O medicamento geralmente é utilizado como anti-inflamatório e imunossupressor, podendo apresentar uma série de efeitos adversos, como hiperglicemia e tendência ao diabetes, dependência, vulnerabilidade a infecções e câncer, hipercoagulabilidade sanguínea, entre outros.
No estudo, o grupo de pesquisadores simulou uma situação de hipóxia comum em transplantes de órgãos. Isso porque, a despeito de todos os cuidados necessários para o transplante, quando o órgão é retirado do doador e fica fora do organismo imediatamente entra em isquemia – perda do suprimento sanguíneo por redução do fluxo arterial no tecido e falta de oxigenação (hipóxia).
Já quando o órgão é implantado no receptor e os vasos sanguíneos são “religados”, ocorre o restabelecimento do fluxo sanguíneo (reperfusão) após um período de isquemia. Esses dois processos – que não ocorrem apenas em situações de transplante – geram danos ao tecido que podem levar à insuficiência renal.
A lesão tecidual ocorrida durante os processos de isquemia e reperfusão pode ser muitas vezes irreversível, provocando até a rejeição do órgão transplantado pelo organismo do receptor.
“É por isso que o tempo é essencial em um transplante. Quanto mais rápido o órgão chegar ao receptor, menor será o dano por hipóxia e a inflamação será menos grave. Encontrar alternativas que diminuam esta inflamação, como o uso da galectina-1, são extremamente importantes”, disse Carla.
Outros órgãos
O potencial anti-inflamatório da galectina 1 é objeto de estudo para outras situações patológicas nos demais órgãos. O grupo de pesquisa liderado por Sonia Oliani, professora titular do Instituto de Biociências, Letras e Ciências Exatas da Unesp, e com participação de Cristiane Gil, professora adjunta da Universidade Federal de São Paulo (Unifesp), também estudou os efeitos da galectina-1 na uveíte, conjuntivite e dermatite.
“Esse trabalho foi feito no sentido de proteger danos causados por isquemia e reperfusão nos rins, porém, aparentemente, há uma possibilidade de a proteína ser usada como um anti-inflamatório, seja em outras situações ou em outros órgãos. Estamos trabalhando nesse sentido mais amplo”, disse Oliani, coordenadora do estudo.
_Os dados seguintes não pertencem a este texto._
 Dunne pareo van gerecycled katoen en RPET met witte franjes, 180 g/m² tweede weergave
No trabalho sobre a ação protetora da galectina-1 no sistema renal, a ação da proteína foi comparada à do corticoide. Em testes in vivo, ratos receberam solução intravenosa de galectina-1 30 minutos antes de serem submetidos à isquemia e reperfusão do rim.
Nos testes in vitro, a cultura celular de células humanas do rim (células epiteliais do túbulo contorcido proximal) imersa em solução com galectina-1 foi submetida à situação de hipóxia e reoxigenação.
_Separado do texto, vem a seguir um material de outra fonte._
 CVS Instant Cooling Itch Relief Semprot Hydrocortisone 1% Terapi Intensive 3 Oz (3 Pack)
“O que vimos no modelo animal foi confirmado na cultura celular. Ocorre diminuição na liberação de fatores inflamatórios, o que aumenta a viabilidade das células. Embora a galectina 1 não proteja totalmente o tecido, não há medicamento que promova proteção total. No entanto, essa proteína melhora alguns aspectos importantes da lesão”, disse Carla.
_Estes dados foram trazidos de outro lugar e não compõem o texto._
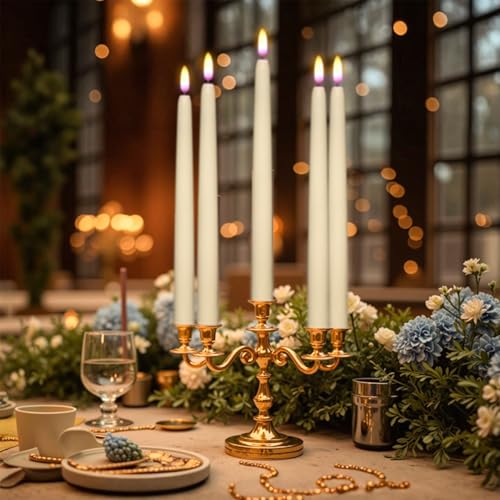 Image of Wondise Flameless Taper Candles with Remote Timer, Waxy Battery Operated Flickering Tall Candlesticks, 3D Wick LED Candles 11inch for Halloween Christmas Holiday Wedding Decoration (Ivory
A descoberta de que a galectina-1 protege o rim de inflamações abre caminho para novos estudos. “Nossa pesquisa indica um caminho importante para futuros trabalhos. A ação protetora foi testada, mas podemos investigar sua ação na insuficiência crônica e verificar como o rim reage a longo prazo”, disse Carla.
O artigo Pharmacological treatment with galectin-1 protects against renal ischaemia-reperfusion injury (doi: 10.1038/s41598-018-27907-y), de Carla P. Carlos, Analice A. Silva, Cristiane D. Gil e Sonia M. Oliani, pode ser lido em www.nature.com/articles/s41598-018-27907-y.